Environmental Assessment for Mining Activities

Scale of Environmental Assessment

Under BC’s EA law, the EAO Executive Director (or Minister of Environment, where applicable) has discretion on whether to include the following in the scope of the EA review facilities at the main site, off-site facilities and any activities related to the reviewable project.95 Related activities that do not, on their own, trigger an EA may be approved without assessing their environmental, social and cumulative impacts.

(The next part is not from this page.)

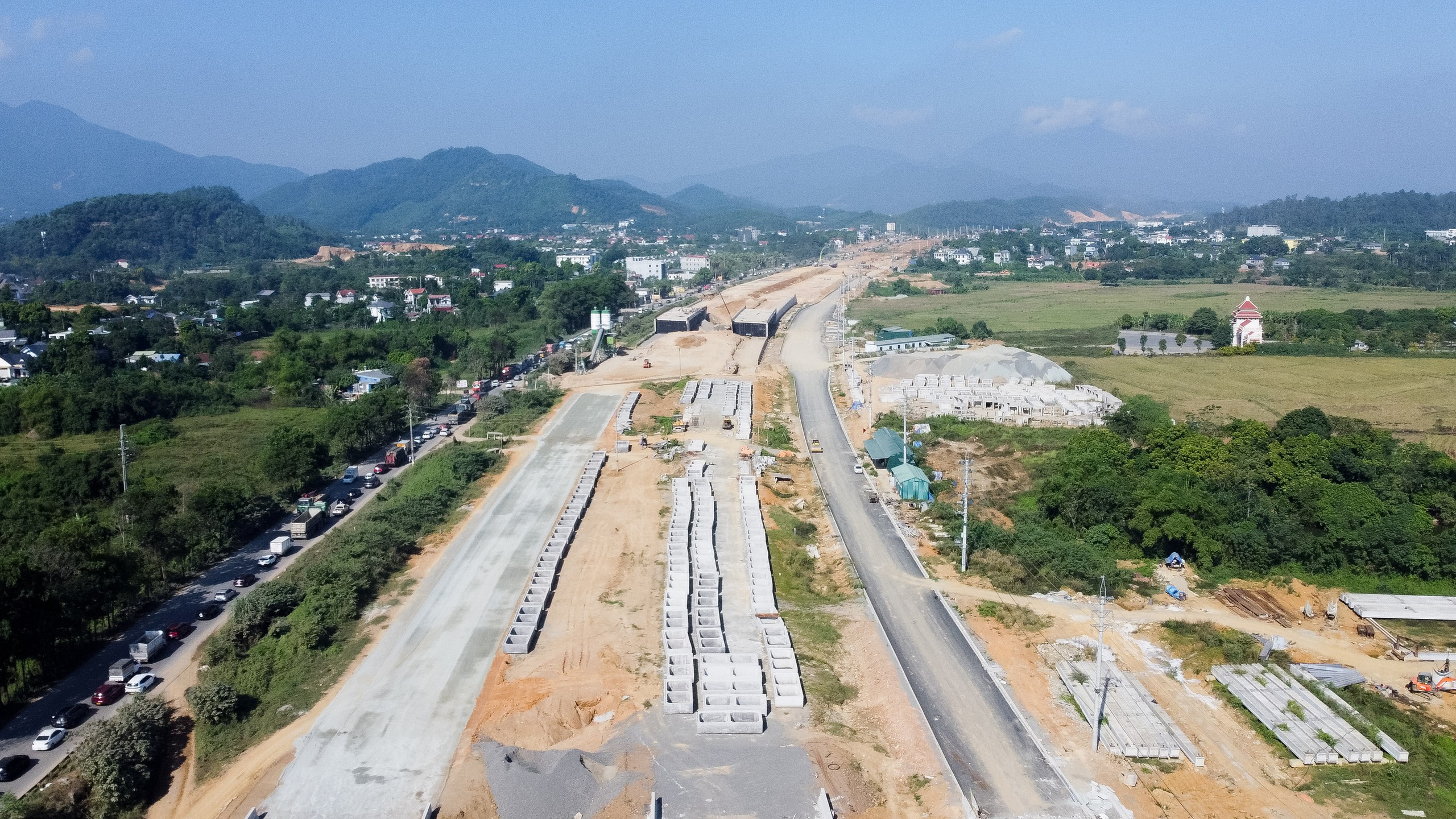 Diện mạo tuyến đường hơn 5.200 tỷ đồng nối đại lộ Thăng Long với cao tốc H&agrave; Nội - H&ograve;a B&igrave;nh- Ảnh 1.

BC law does not require all the activities related to a mining project to be included in the EA. Therefore, projects can be narrowly assessed without factoring in the associated and/or cumulative impacts.

Recommended Solution

Include in EA all activities likely to be undertaken in relation to a proposed mining project

[Tags: EA; Scope; Discretion]

BC has no legal provisions to guide the exercise of the EAO’s discretion in determining the scale of the EA or to require that related activities be included in the assessment process. In contrast, other jurisdictions provide some guidance for decision-makers to ensure that the EA covers the appropriate scope of the proposed activity. For example, US federal law explicitly states that “significance cannot be avoided by terming an action temporary or by breaking it down into small component parts”.96 Under Yukon law, the regulatory authority must include in the scope “in addition to any activity identified in the proposal, any other activity that it considers likely to be undertaken in relation to an activity so identified and sufficiently related to it to be included in the project”.97 The Yukon regulatory authority is also required to “assess as a single project two or more projects for which it has received proposals where it considers that the projects are so closely related as to be part of the same activity or where all the decision bodies for each of the projects have advised it that they consider the projects to be so related”.98 Similarly, under both CEAA and CEAA 2012, the regulatory authority is empowered to consider two closely related projects as a single project.99 Not only is the assessment of related projects in the same EA more efficient, it also allows for the evaluation of cumulative effects (see: Cumulative Effects, below).